It was the day before CU started its fall classes. My friend Rachel was in town for a "business meeting" for the new art gallery she was working for. You would have to know Rachel to understand how much entertainment this idea brought me. Anyway. We had spent the evening quietly at an Irish pub called Connor O'Neils located in downtown Boulder. I ordered a coffee and Bailey's.
On the drive home, I may have been speeding a bit down South Boulder Road. The posted speed limit was 45mph. But if you have ever driven this road, especially at night when the traffic is minimal, you understand how impossibly slow 45mph is.
I was trucking along in old Buttercup when I noticed a Crown Victoria pull a fast U-turn and start following me. Knowing the inevitable, I started to pull over, but when the car didn't turn on the red and blues right away, I pulled back onto the road. I started getting distracted a bit by the lights shining from the car on my bumper assuredly running my license plate information. I swerved a bit and sped up without even realizing it. Rachel advised me to pull into a nearby drive way. Too late. The lights came on and I pulled onto the shoulder.

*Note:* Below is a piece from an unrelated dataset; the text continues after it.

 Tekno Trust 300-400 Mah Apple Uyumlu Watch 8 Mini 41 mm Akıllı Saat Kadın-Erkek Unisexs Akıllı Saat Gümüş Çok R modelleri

The female officer came up to my window and customarily introduced herself. She asked if I had been drinking that evening. I told her yes, but only one coffee with Bailey's and I had eaten pasta for dinner and consumed a large amount of water with my alcohol. She took my registration and license and went back to her squad car. Only God knows what they do back there for half an hour. You would think that they would realize that if you took the risk of speeding that you probably had somewhere you wanted to be. Anyway. She returned and told me that because I had had a drink that night and that I was speeding and swerving that she was "concerned about my safety". I stepped out of the car with shaking legs as Rachel started laughing to herself.

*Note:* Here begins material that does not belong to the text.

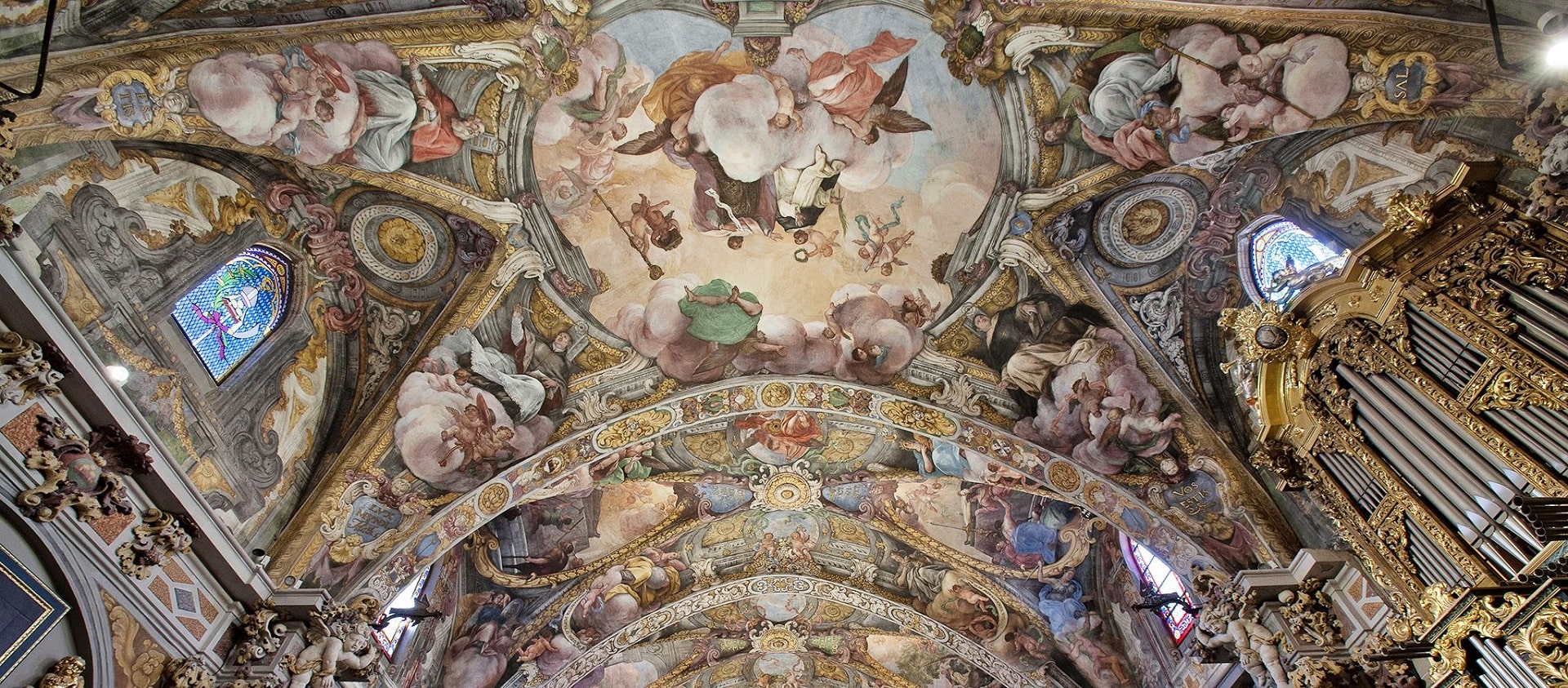 Frescos de la boveda de la iglesia de San Nicolás de Valencia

The cop was new. She hadn't ever given a sobriety test before. She needed back-up. There was a least one other patrol car and perhaps three other officers there to assist her in learning how to hold the flashlight. I stared at the pen point, I walked in a line with my toes to my heels, I even stood on one shaking leg and counted. "One-one-thousand. Two-one-thousand." In my nervousness, I couldn't seem to remember what you said after ten-one-thousand. Eleven-one-thousand? This was one of those things I should know, but there was a chick with a gun holding a bright light in my face and my mind went blank. Apparently I passed the test, because next she picked up the little Breathalyzer. "Here blow into this until the machine beeps." I turned to the other guy who seemed to know what he was doing. "Do you want me to put my lips on it?" By this point, they knew I was sober.
I returned to my car grateful I wasn't being given a DWI or even a speeding ticket, just the little plastic mouth piece from the blood alcohol test as a souvenir. The cop told me a did a good job. I told her she did a great job giving instructions for the first time. High fives all around. Welcome back to Boulder.